Nurse 2: That feeling comes from feeling the parents were not part of the team in terms of agreeing with the course of care. Moral distress came from watching these babies suffer. The team met every single day to discuss the case. Diaper changes were horrific.

Tomas Silber: There is an issue of trust. The family comes from South America; they may have had experiences with discrimination. Very often, there is a different meaning for ending care; a feeling of not being given something because of who you are. Overcoming this requires humility and cultural sensitivity. Perhaps a pediatrician who knows the family, or priest who can consult the family could have been located. Had there been an ethics consult, those are some of the things we would have brought in. We often come to the conclusion that there is no reason to provide futile care. It reminds one of Dostoyevsky: brothers who hate their father, for good reasons. Possibly one of them is so angry he may kill the father. Everyone tiptoes around situation, and allow it happen. The parallel is that often the family is fighting an internal though that this cannot go on, but they cannot do it; through compassion, and perhaps friendship, this thought should be supported. Often when you tell the parents what we are going to do, the parents will not object; rather, they will feel relieved. If they do object, that must be addressed, but no one is obligated to provide medical treatments that are not medically indicated.
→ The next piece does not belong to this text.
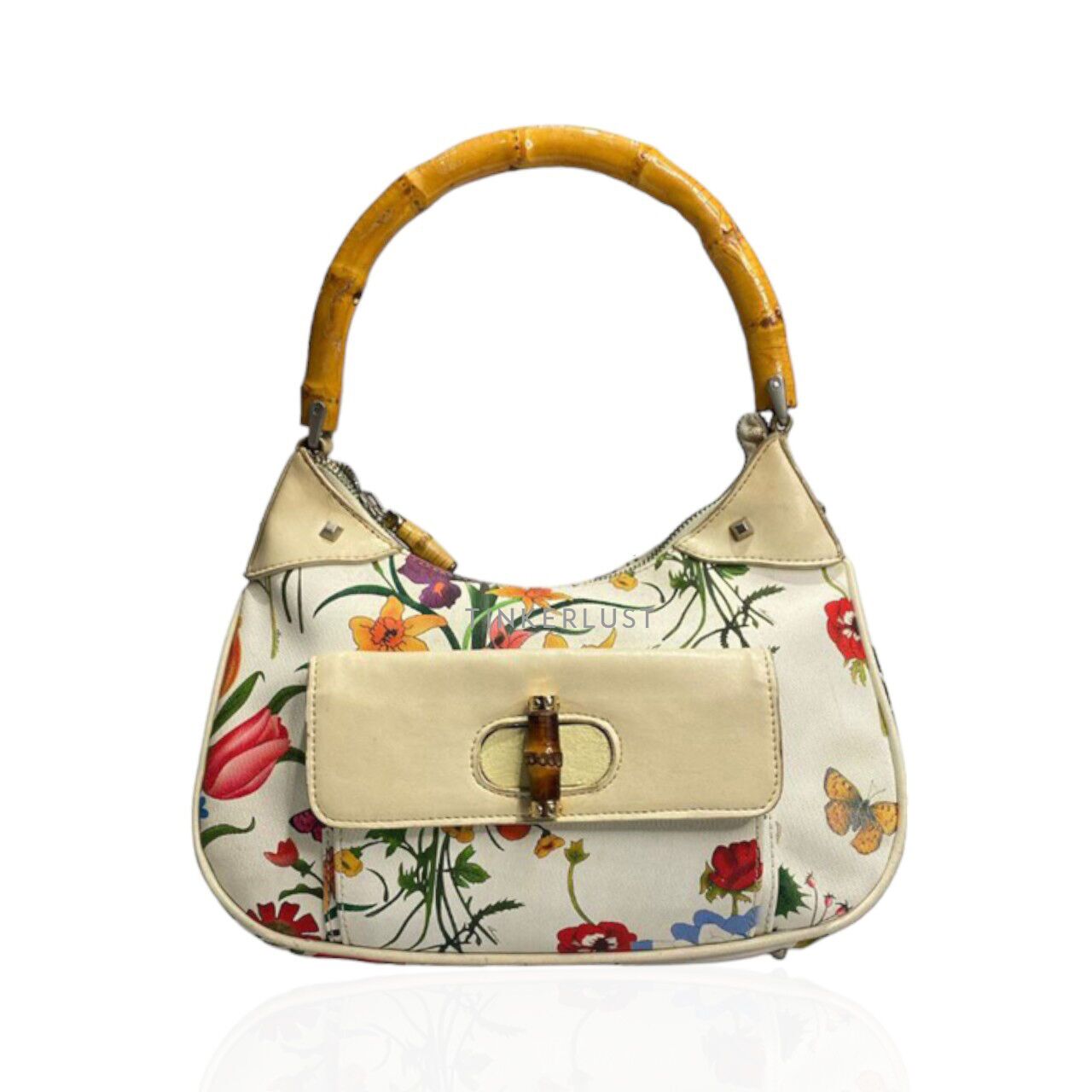 tas handbag Gucci Floral Bamboo Canvas Vintage Handbag Tinkerlust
Yoram: It’s ok that the parents started showing up less. We view that as a bad sign; but it is hard to see your baby on the vent “bleeding out.” Cases like this one typically result in someone on the medical team bringing up “futility.” I’m not a fan of the word because it means different things to different people, it’s value-laden, and it’s overly judgmental. We need to be very careful about the difference between physiologic futility and qualitative futility. True physiologic futility is rare, instead, what many people mean when they invoke futility is so-called qualitative futility, suggesting that a course of treatment isn’t worthwhile because the patient is suffering or due to considerations about scarce resources. Too often, futility discussions represent a power struggle centered on whose decision about treatment will ultimately carry the day–the medical teams’ or the parents’. Qualitative statements can get us into trouble. Also, in the heat of the moment we may say something in a way we didn’t intend it, and that is difficult to recover from.

Audience Comment: Coming from an adult-care clinical ethics perspective: In pediatrics, there is a very strong emphasis on getting parents to agree; a prima facie obligation to get them on board. That’s defeasible; part of the justification for family-centered care is that parents have “good-enough” interest of child at heart, but they may not.

Chaplain: In the U.S. we have a very difficult problem discussing allocation of resources. We work hard to keep this out of the conversation.

Yoram: Dovetailing on my Leikin Lecture talk and the idea of allocation; prioritization or allocation is not the type of decision to be made at the bedside, rather, it’s an important policy issue. Deliberative democracy is one approach to addressing allocation of scarce resources. It must involve people who have skin in the game; including the patients and families. In other countries, this case may not have gotten to this point because it’s possible there would have been a policy-level decision to help guide things along and in doing so, possibly prevent some of the moral distress the parents and the staff experienced. That’s a very different situation, but one worth keeping in mind.

Audience: Is it justifiable to put these kids through three and a half weeks of agonizing pain to allow parents to come to terms with the situation?

Chaplain: Underpinning patient centered care is a partnership; terms we use such as “getting on board with” betray a different sentiment.

Yoram: As doctors and nurses, we are trained to “fix;” coming to terms with not being able to do so is difficult. We have to be able to be honest with ourselves and those we care for. Parents deserve and respect that.